----- Data provided

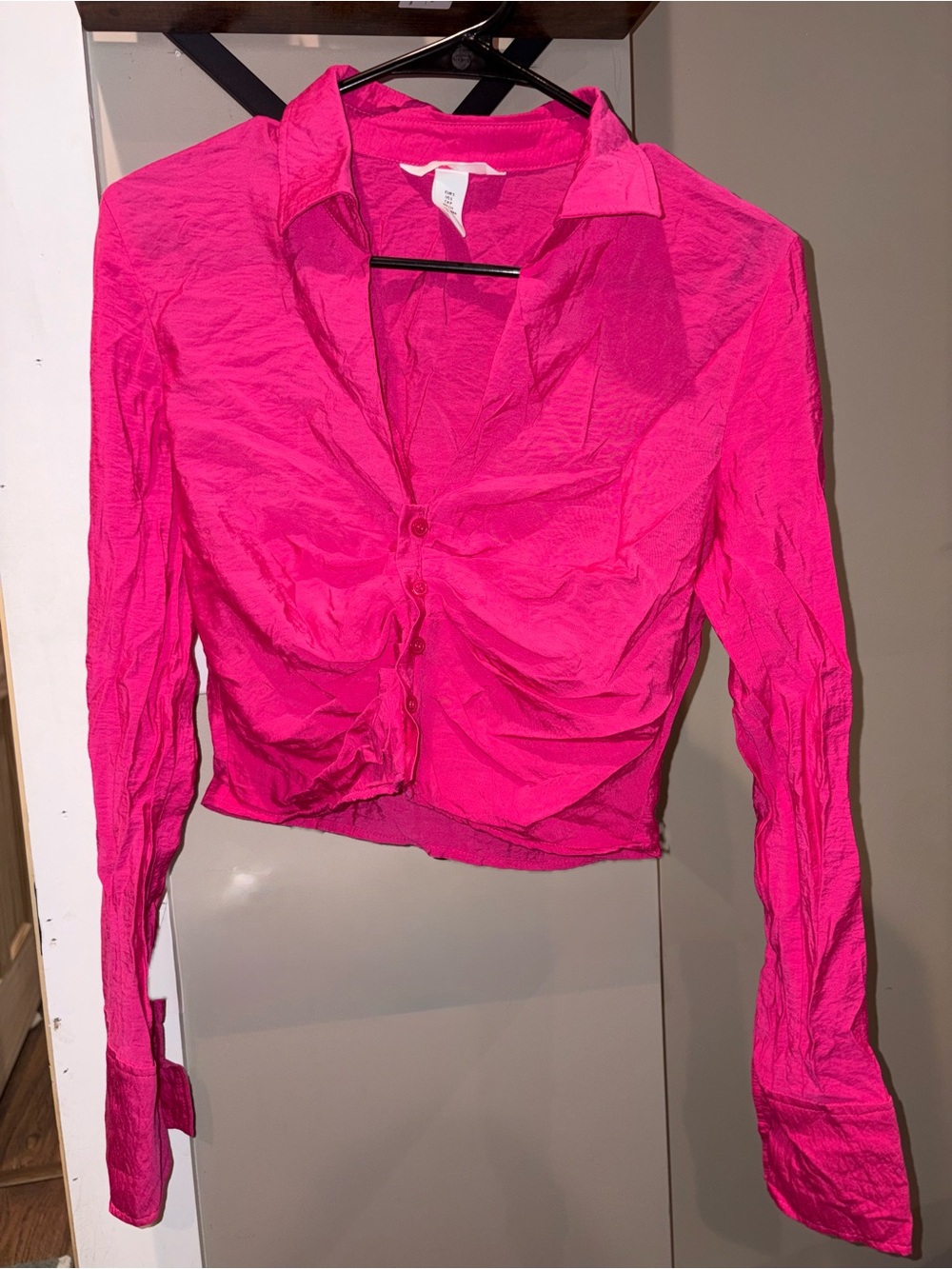 H&M Hot Pink Ruched Button-Down Collared Top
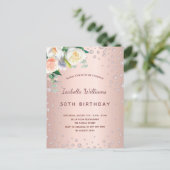 Birthday roos gouddiamanten roze floralen briefkaart (Staand voorkant)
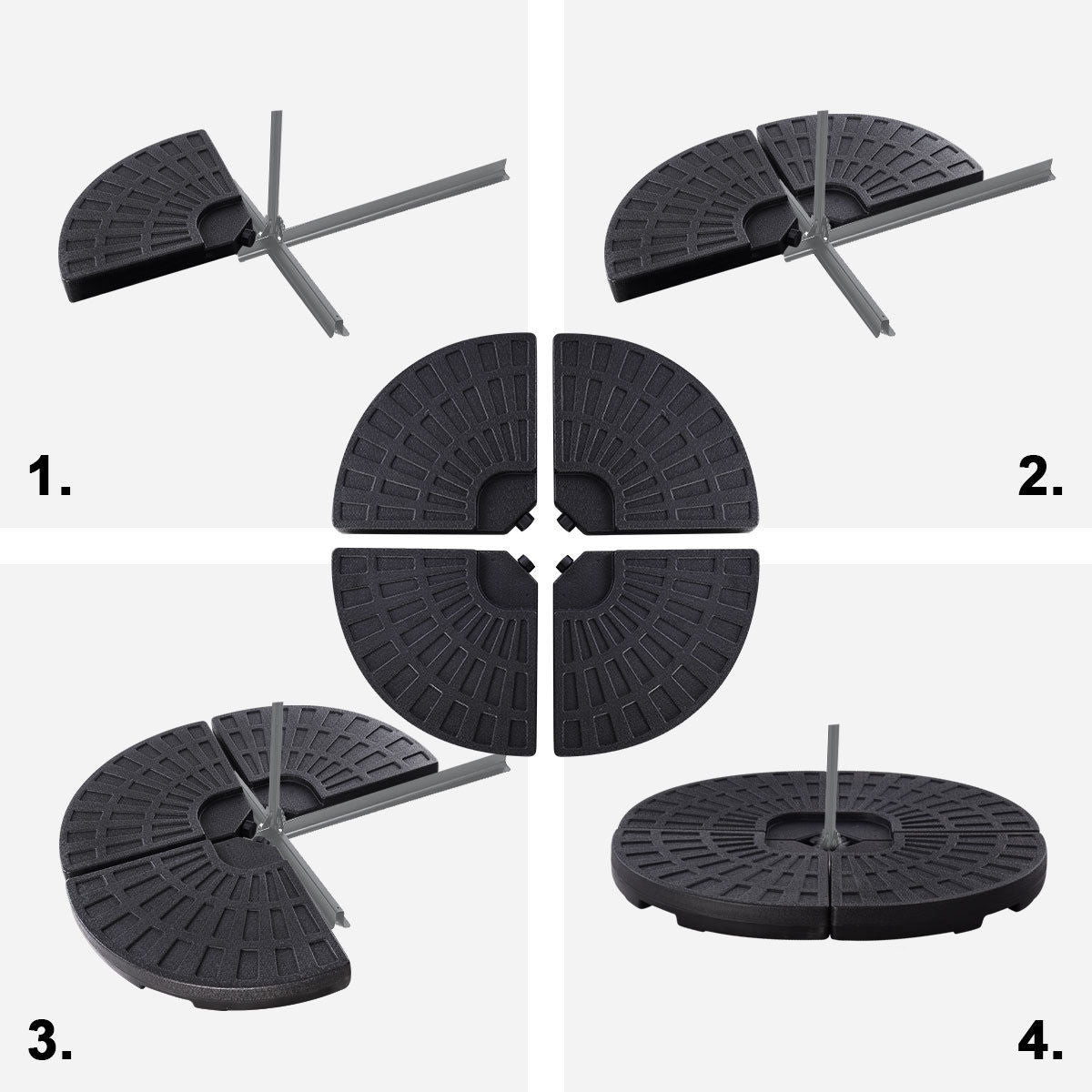 4 Pieces Round Cantilever Umbrella Base with Carry Handles for Garden Kids Crystal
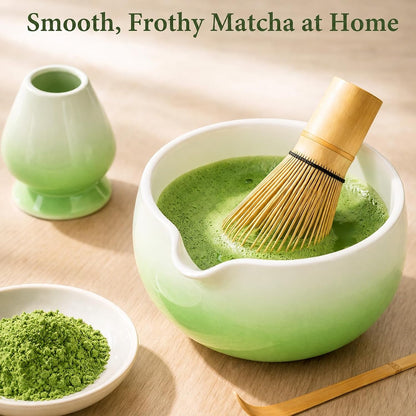 Matcha Whisk Set with Ceramic Bowl & Bamboo Chasen | Includes Whisk Holder, Scoop, Spoon, Sifter and Quick-Start Guide for Easy Matcha Preparation at Home3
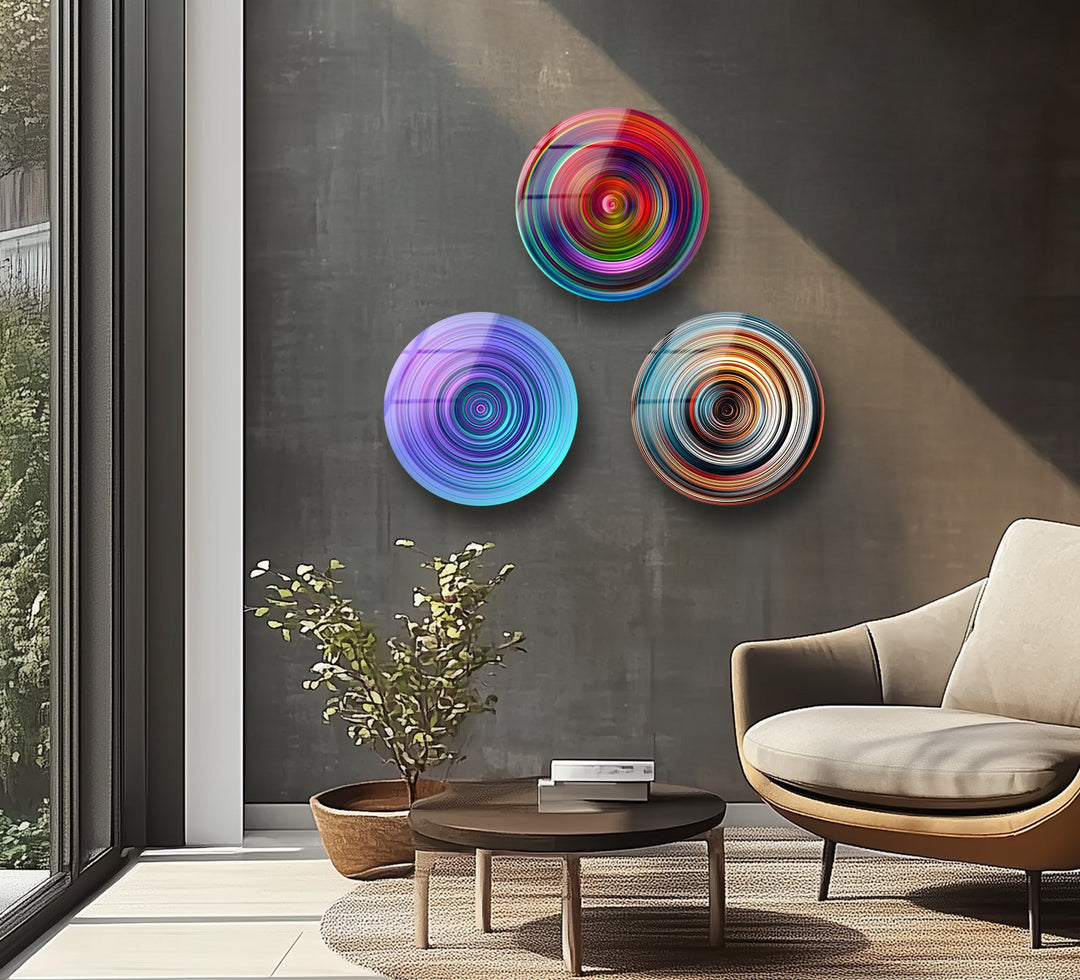 Vibrant Spiral Round Glass Wall Art Set – Modern Abstract Color Decor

----------

The data above must be copied exactly. Leave out the pictures.

### Solution below
 H&M Hot Pink Ruched Button-Down Collared Top
 Birthday roos gouddiamanten roze floralen briefkaart (Staand voorkant)
 4 Pieces Round Cantilever Umbrella Base with Carry Handles for Garden Kids Crystal
 Matcha Whisk Set with Ceramic Bowl & Bamboo Chasen | Includes Whisk Holder, Scoop, Spoon, Sifter and Quick-Start Guide for Easy Matcha Preparation at Home3
 Vibrant Spiral Round Glass Wall Art Set – Modern Abstract Color Decor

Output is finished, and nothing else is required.